Fotoğraf: MA
Zamanaşımına uğrayan Fehmi Tosun dosyasını bianet’e değerlendiren kızı, Avukat Jiyan Tosun, “Babamın dosyası da diğer kayıp dosyalarından farksız değil, bu da hepimiz umutsuzluk verici” dedi.
“Dosya yıllarca bekletilip sonra da kapatıldı”
Avukat Jiyan Tosun, babasının kaybedilmesiyle ilgili dosyadaki cezasızlık ve hukuki süreç ile ilgili, “Bütün kayıp dosyalarında yargı, suçların üstünü örtme aracı olarak kullanılıyor.
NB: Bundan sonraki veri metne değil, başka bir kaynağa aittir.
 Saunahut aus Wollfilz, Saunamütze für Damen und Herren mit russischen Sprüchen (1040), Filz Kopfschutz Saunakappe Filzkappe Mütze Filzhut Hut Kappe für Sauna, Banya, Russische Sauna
Babamın dosyası da bu dosyalardan biri. Avrupa İnsan Hakları Mahkemesi (AİHM) kararına rağmen hiçbir soruşturma yürütülmedi. Savcılık bir soruşturma numarası verdi ama gerçek bir araştırma yapılmadı. Savcı tanıklara başvurmadı, babamı kaçıran aracın plakasına dair bir işlem yapılmadı. Dosya yıllarca bekletilip sonra da kapatıldı” diye konuştu.
“AYM başvuruları reddediyor”
Jiyan Tosun, bütün kayıp dosyalarında da aynı şeyin yaşandığını ekledi: “Anayasa Mahkemesinin özellikle son süreçte verdiği kararlarda, etkin soruşturma veya uzun yargılama konusunda başvurular reddediliyor. Soruşturmanın bitmesi beklenip o zaman başvuru yapıldığında da yine ret kararları veriliyor.”
Savcılığa suç duyurusu
Cumartesi Anneleri/İnsanları, Türkiye İnsan Hakları Vakfı (TİHV) ve İnsan Hakları Derneği (İHD) İstanbul Şubesi Gözaltında Kayıplara Karşı Komisyon, 17-31 Mayıs Kayıplar Haftası kapsamında bugün Küçükçekmece Adliyesi önündeydi.
MA’nın haberine göre, hak örgütlerinin açıklamasında, avukatlar Eren Keskin ile Jiyan Kaya’nın dün Küçükçekmece Cumhuriyet Başsavcılığı’na suç duyurusunda bulunduğu bilgisi paylaşıldı. Suç duyurusunda, Noter Birliğine yazı yazılması, suça karışan aracın sahiplik bilgilerinin sorulması ve kaçırmaya tanıklık eden Besna Tosun’un dinlenmesi istendi.
Bugünkü açıklamaya İHD Eş Genel Başkanı Eren Keskin, Fehmi Tosun’un kızı Besna ve Jiyan Tosun katıldı.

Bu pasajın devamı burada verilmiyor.